● What needs to be done:
Using the records below, give again exactly the lines from the line that contains "Alek Biotic - Idiom flac album" through the line that contains "西安用人单位辞退员工补偿标准 西安用人单位辞退员工补偿标准文件", both ends included, and only those.

● Dataset:
+ + + + + + +

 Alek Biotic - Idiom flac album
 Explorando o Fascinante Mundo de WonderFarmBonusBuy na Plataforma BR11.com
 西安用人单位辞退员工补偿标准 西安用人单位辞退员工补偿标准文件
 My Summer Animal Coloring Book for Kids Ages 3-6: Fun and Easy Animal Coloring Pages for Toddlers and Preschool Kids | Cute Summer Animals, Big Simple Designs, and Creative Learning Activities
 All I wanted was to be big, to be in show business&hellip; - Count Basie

+ + + + + + +

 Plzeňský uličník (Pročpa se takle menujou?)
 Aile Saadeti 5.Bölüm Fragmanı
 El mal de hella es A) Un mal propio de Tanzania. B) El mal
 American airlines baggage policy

+ + + + + + +

● Solved exercise:
 Alek Biotic - Idiom flac album
 Explorando o Fascinante Mundo de WonderFarmBonusBuy na Plataforma BR11.com
 西安用人单位辞退员工补偿标准 西安用人单位辞退员工补偿标准文件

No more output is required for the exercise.